A film screening at SFU Burnaby suggests that Internet users are signing up for more than the latest iPhone app when they check off “I agree” to the Terms and Conditions.

Before leaving on vacation to the US, Irish tourist Leigh Bryan tweeted that he was going to “destroy America.” Once his plane landed, Bryan and his girlfriend were interrogated by the Department of Homeland Security, detained, handcuffed, and even put in a detention center before being sent back to Europe.

Bryan’s is just one example shown in the documentary Terms and Conditions May Apply of social media and government surveillance working together with user consent but not necessarily awareness.

The film was screened on March 12 as part of an event organized by the Teaching and Learning Commons called “What Don’t You Know about the Social Media You Use.”

The event explained that Internet users are putting their personal information up for grabs by agreeing to the terms and conditions — contracts that are long and full of enough technical terminology to put off even the most well-intentioned.

Once users agree to the terms and conditions, online services have the authority to record every upload, tweet, search and click. As SFU student Adam Van der Zwan put it, “We really have no Internet privacy.”

Free social media like Facebook, Instagram and Twitter rely on data mining to generate income, but the dissemination of users’ personal information rarely stops there.

Van der Zwan, a third-year communications major, sat on the discussion panel along with Jon Festinger, a law professor at UBC, Kevin O’Neill, associate professor of education technology at SFU, and Stuart Poyntz, an SFU communications assistant professor. All four panelists agreed that this breach of user trust becomes much more threatening when the government gets its hands on supposedly private information.

 

Hoback described Facebook as “the CIA’s dream come true.”

 

The director of the film, Cullen Hoback, described Facebook as “the CIA’s dream come true,” and said that government agencies like the NSA and Canada’s CSEC continue to monitor Internet users based on information that they’ve willingly provided to their favourite websites or service providers.

As in the case of Leigh Bryan’s tweet, this can lead to the harassment of civilians for crimes that they haven’t committed.

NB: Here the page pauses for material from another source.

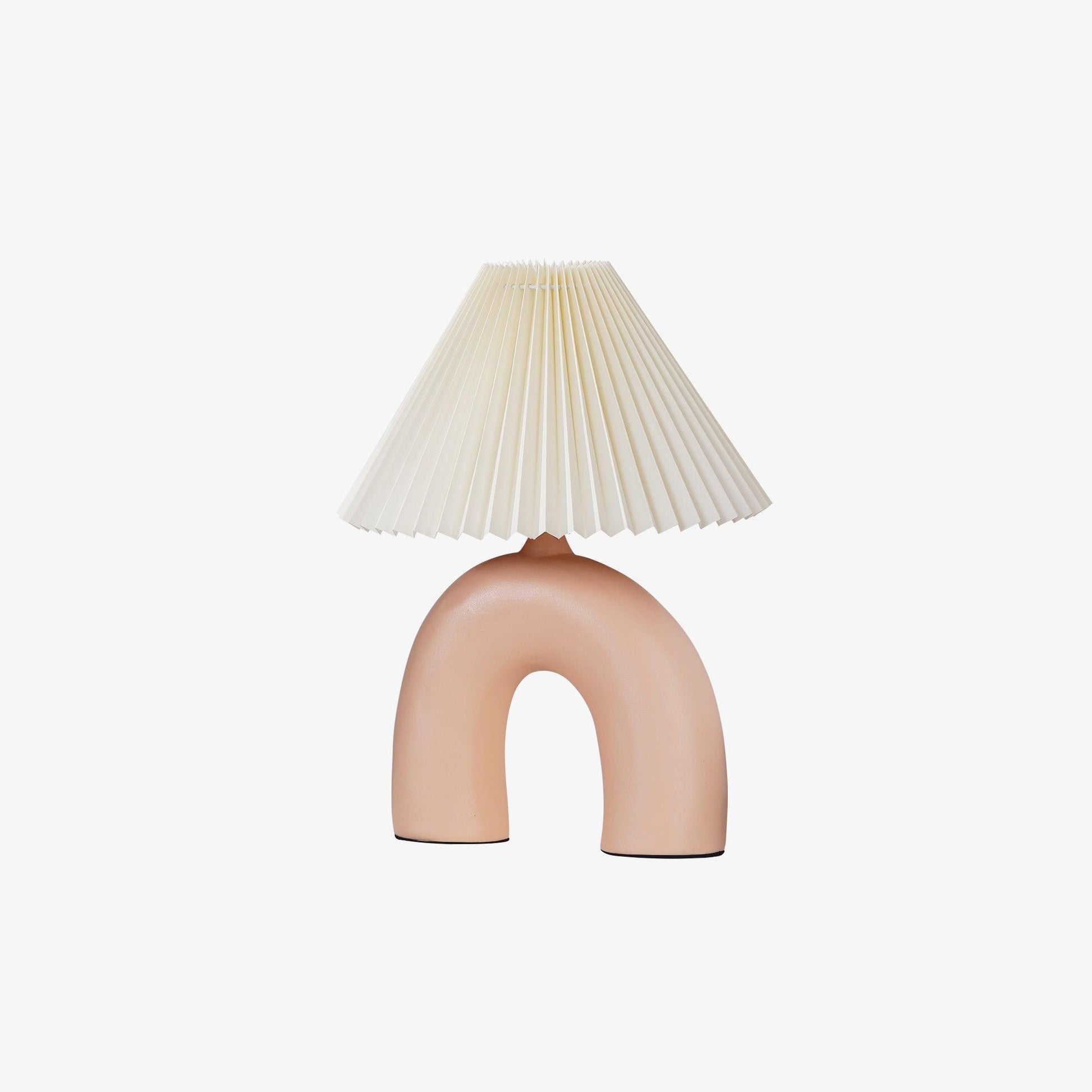 Emino Modern Ceramics Table Lamp-Neutral Decor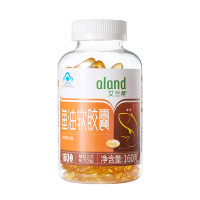ALAND/艾兰得鱼油软胶囊 160粒 天然鱼油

Festinger claims that Canadians are even less aware of government surveillance than our US counterparts. “We haven’t really had our own Snowden,” he said, however that doesn’t mean that our online activities aren’t being monitored.

While many argue that they don’t have anything to hide, the film claims Internet users don’t know what could be considered a threat to national security. Either way, by simply having an online presence, hiding is no longer an option.

After watching Terms and Conditions May Apply, Van der Zwan said, “I’ve definitely become more hostile toward the Internet.”

Van der Zwan says he believes government surveillance is necessary to national security, but not to the extent it’s happening at the moment, and not without informed consent. He said, “If the government needs to survey everything we do online, we should at least be issued an official statement, or reason, that will notify us in advance.”

“The answer is law and regulation,” Festinger agreed. However, he worries that corporate lobbyists will continue to evade any baseline privacy law for online services. Online services are only as valuable as the user data they have compiled, and anonymity doesn’t bring in a profit.

Van der Zwan says Internet users must first be made aware of how they’re being taken advantage of before things can change — in other words, users must understand that terms and conditions always apply.